Long Beach Police Officer William P. Thompson (Frederick Koehler) accidentally shoots Devon Clark, an innocent black 16-year-old teenager thinking he had a gun that turned out to be a cell phone. An angry crowd forms making matters worse. The family of the young man is devastated, as can be expected, but the officer and his family are also shattered.
The play opens with Thompson’s wife (Kailena Mai) and his mother Evelyn (Shaw Purnell) tensely waiting for him to come home from the police station. Thompson finally arrives with his father Bill, (Richard Warren) a former cop, who tries to convince him he did the right thing in light of the circumstances and has a plan for him to respond to interrogation. Thompson is devastated and has tremendous guilt for the shooting but is also torn because he felt threatened and followed protocol.
His wife becomes convinced that Thompson should follow the advice of his father, who experienced a similar incident in the past.
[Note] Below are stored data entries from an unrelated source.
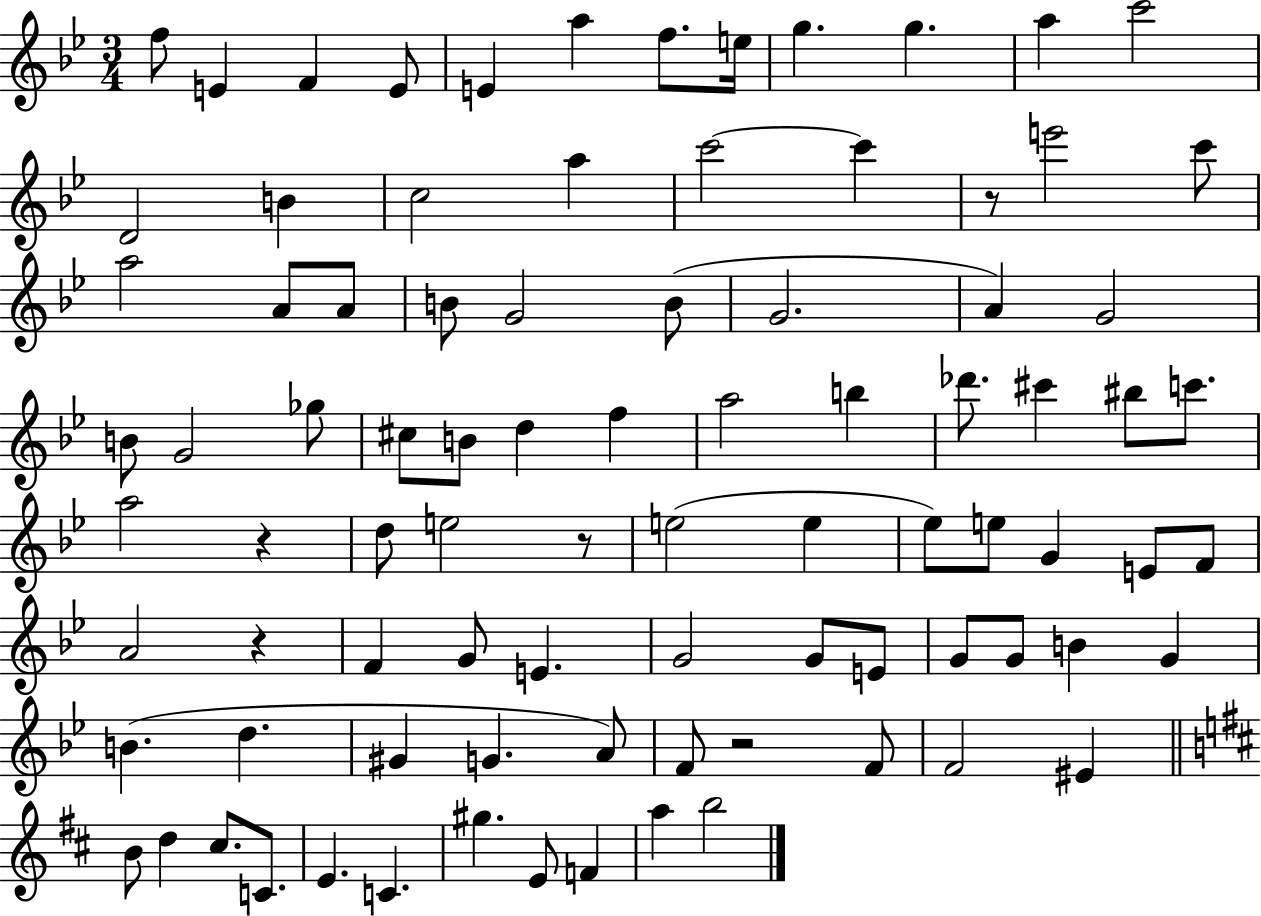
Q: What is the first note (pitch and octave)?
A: F5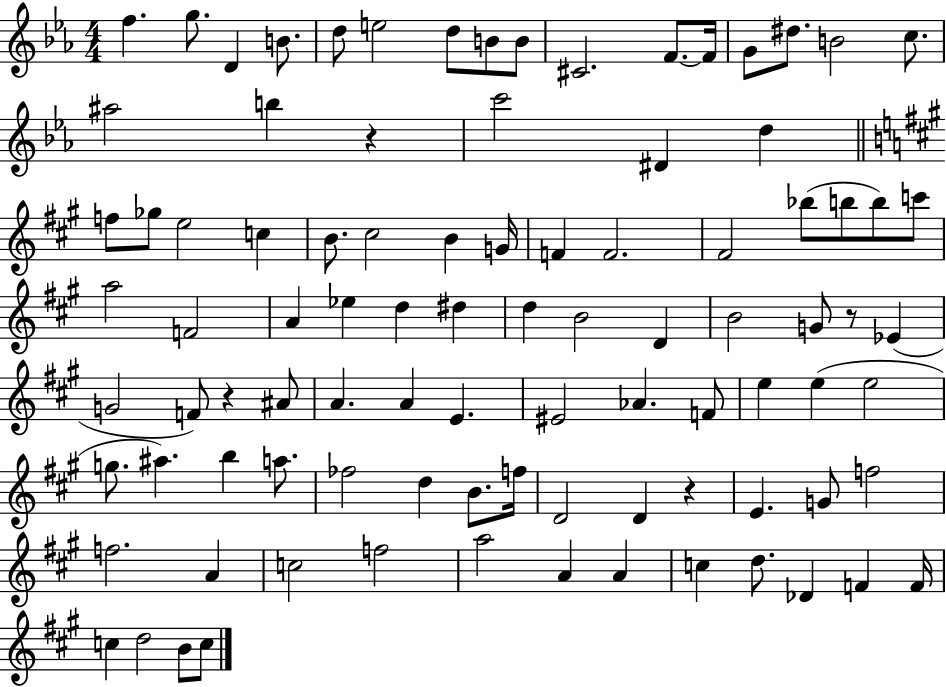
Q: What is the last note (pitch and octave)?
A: C5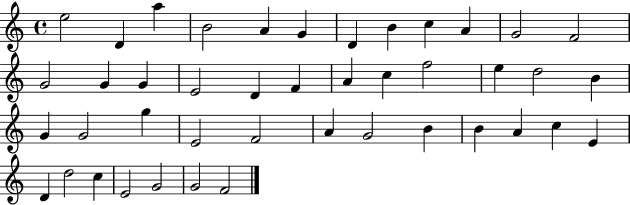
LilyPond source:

{
  \clef treble
  \time 4/4
  \defaultTimeSignature
  \key c \major
  e''2 d'4 a''4 | b'2 a'4 g'4 | d'4 b'4 c''4 a'4 | g'2 f'2 | \break g'2 g'4 g'4 | e'2 d'4 f'4 | a'4 c''4 f''2 | e''4 d''2 b'4 | \break g'4 g'2 g''4 | e'2 f'2 | a'4 g'2 b'4 | b'4 a'4 c''4 e'4 | \break d'4 d''2 c''4 | e'2 g'2 | g'2 f'2 | \bar "|."
}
She is concerned that their family and, especially, their 2 small children, will suffer the consequences of his actions.
The story goes back and forth between the two families. Devon Clark’s brother Andre (Michael James Kelly) is angry that he was not able to be there to protect Devon. Their mother Berty, (Sonia Jackson) whose husband was killed several years before, tries to remain strong but breaks down in disbelief that her baby is gone. Uncle Ray (Monty Montgomery) the young men’s surrogate father shows a stoic acceptance of the situation knowing this is the way it is and has always been.
Devon’s white girlfriend, (Azizi Donnelly), has difficulty understanding the ramifications of the community’s reaction. Grief-stricken, she joins Andre in a protest which terrifies Berty, who fears the possible loss of both of her sons.
We also get a glimpse of the public perception of the crime through two opposing commentators (Taissa Zveiter and John Thomas). One is a white right-leaning conservative while the other is a black activist. Both expound their rigid opinions to the media without measuring all the nuances of the case.
To live righteously, must we create a villain?
Don’t outrightly judge a situation without learning the backstory. 99% of cops are caring and honorable. 99% of people of color are the same. It’s the 1-2% who are not.
The production of Villain – An American Story
It’s not always easy to work on a tiny upstairs stage, which is typical of Equity Waiver theater productions, but the actors make the best use of it interspersing scenes and occasionally moving set pieces to accommodate the action. All are professional and compelling. Fringe plays often tackle subjects not usually dealt with on main stages and are well worth watching as this one was.